The Department of Energy and its national laboratories have extensively studied physical-security technologies and methods that couple detect, delay, and response attributes to achieve required physical-security assurance. Additionally, they have extensive experience developing and using advanced computational tools that could provide benefit in developing a strong technical basis for physical security. The LWRS Program effort seeks to create tools, methods, and technologies that will:
Apply aspects of risk-informed techniques for physical-security decisions and activities to account for a dynamic adversary
Apply advanced modeling and simulation tools to better inform physical-security posture
Assess benefits from proposed enhancements, novel mitigation strategies, and potential changes to regulations
Enhance the technical basis necessary for operating utilities to reevaluate their physical security posture while meeting regulatory requirements.
The goal of the Physical Security Pathway is to develop and demonstrate an industry-wide strategy of sustaining a long-term, optimized, physical-security regime that reduces costs and regulatory burden. This research will leverage advances in technology such as advanced adversary-based risk-informed tools to reduce uncertainties in physical-security models used for planning and decision making. This research also aims to reduce conservatisms that effect current physical-security postures.

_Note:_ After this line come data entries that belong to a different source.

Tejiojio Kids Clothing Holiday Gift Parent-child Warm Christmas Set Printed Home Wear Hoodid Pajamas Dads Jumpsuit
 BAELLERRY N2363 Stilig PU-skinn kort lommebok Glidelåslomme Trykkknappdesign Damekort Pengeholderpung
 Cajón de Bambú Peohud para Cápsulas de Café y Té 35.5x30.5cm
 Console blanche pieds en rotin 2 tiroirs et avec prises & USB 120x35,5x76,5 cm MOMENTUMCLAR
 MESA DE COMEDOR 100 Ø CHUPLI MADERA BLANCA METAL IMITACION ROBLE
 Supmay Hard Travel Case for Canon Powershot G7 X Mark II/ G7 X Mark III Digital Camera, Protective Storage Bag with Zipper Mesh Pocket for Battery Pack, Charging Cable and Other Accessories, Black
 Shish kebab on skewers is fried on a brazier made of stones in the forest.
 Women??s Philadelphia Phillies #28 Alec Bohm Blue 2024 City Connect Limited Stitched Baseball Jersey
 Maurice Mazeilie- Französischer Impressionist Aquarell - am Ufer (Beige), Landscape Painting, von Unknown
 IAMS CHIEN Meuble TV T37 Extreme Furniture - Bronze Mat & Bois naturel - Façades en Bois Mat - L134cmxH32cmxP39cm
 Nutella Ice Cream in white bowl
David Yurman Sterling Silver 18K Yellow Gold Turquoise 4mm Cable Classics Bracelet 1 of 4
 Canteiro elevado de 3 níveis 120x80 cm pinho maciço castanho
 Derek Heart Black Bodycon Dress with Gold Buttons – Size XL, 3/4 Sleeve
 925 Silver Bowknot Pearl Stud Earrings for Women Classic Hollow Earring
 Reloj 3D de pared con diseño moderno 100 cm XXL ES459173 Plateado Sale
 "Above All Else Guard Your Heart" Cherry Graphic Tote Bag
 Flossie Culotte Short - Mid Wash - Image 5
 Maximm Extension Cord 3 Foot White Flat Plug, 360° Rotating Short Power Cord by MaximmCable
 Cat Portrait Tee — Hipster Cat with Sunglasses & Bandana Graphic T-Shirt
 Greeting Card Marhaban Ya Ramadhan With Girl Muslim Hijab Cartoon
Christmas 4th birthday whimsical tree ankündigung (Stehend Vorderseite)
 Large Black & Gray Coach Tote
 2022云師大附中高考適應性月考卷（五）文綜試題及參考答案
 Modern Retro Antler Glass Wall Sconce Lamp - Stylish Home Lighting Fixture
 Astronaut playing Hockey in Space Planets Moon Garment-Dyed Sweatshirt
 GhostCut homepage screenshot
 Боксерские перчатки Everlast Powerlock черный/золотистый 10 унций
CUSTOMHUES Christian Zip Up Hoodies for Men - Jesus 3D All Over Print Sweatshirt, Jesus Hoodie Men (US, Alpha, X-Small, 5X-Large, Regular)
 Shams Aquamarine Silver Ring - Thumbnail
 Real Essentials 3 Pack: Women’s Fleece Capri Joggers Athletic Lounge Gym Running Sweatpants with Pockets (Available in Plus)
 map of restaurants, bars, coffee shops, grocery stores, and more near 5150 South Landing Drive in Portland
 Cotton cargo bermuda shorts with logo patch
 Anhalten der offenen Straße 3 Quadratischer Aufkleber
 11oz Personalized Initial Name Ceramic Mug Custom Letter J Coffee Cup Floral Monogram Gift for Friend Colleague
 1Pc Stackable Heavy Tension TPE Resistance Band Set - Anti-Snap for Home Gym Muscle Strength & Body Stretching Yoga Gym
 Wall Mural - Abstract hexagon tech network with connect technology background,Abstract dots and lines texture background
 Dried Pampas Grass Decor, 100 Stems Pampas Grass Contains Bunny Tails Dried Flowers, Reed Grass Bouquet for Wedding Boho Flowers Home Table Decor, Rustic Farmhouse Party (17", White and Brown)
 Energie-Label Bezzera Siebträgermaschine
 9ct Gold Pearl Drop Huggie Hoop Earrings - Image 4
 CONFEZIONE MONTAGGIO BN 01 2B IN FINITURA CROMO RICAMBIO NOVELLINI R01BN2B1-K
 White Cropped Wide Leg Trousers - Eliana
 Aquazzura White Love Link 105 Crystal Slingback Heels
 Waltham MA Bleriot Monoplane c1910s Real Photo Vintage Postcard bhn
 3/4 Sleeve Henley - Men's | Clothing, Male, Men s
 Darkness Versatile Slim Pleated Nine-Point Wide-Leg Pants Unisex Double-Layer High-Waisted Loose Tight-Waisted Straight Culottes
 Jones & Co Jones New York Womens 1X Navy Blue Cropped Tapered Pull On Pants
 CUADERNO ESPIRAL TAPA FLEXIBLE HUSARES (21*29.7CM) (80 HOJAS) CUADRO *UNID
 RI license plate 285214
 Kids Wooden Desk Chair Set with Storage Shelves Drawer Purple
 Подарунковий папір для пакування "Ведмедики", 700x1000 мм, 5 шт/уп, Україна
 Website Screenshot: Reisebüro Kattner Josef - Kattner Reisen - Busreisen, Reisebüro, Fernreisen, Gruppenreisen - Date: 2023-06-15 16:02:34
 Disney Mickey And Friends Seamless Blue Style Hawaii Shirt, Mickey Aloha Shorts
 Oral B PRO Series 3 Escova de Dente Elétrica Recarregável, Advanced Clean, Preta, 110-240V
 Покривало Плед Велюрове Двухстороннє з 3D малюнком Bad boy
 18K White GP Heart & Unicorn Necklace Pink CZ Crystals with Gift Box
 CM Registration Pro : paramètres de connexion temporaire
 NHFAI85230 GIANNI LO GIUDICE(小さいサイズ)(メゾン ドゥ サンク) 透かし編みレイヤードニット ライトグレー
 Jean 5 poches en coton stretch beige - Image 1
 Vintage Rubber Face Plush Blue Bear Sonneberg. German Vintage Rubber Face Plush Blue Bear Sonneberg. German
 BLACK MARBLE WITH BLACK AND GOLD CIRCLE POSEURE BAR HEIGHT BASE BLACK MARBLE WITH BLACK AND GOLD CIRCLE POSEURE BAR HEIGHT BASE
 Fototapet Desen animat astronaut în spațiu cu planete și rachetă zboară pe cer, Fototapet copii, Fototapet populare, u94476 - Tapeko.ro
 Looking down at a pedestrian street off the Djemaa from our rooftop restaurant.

The objectives of this activity are to leverage results from other organizations (i.e., the Department of Defense, the Department of Homeland Security, and DOE's National Nuclear Security Administration) that will enable the LWR fleet to incorporate advanced weapon technologies used in other high-consequence security environments and lethal and non-lethal denial system technology into their physical security posture.
The objective of this activity is to enable use of physical security-related risk-informed dynamic assessments. Physical security has demonstrated limited ability to use quantified risk assessments (and other risk-informed approaches) due to the dynamic nature of potential threats.
Advanced sensor development has the potential to significantly improve industry response time to a design basis threat adversary early in the attack phase. Successful efforts in this area would increase the likelihood of defending against an attack and enhance the economics of doing so.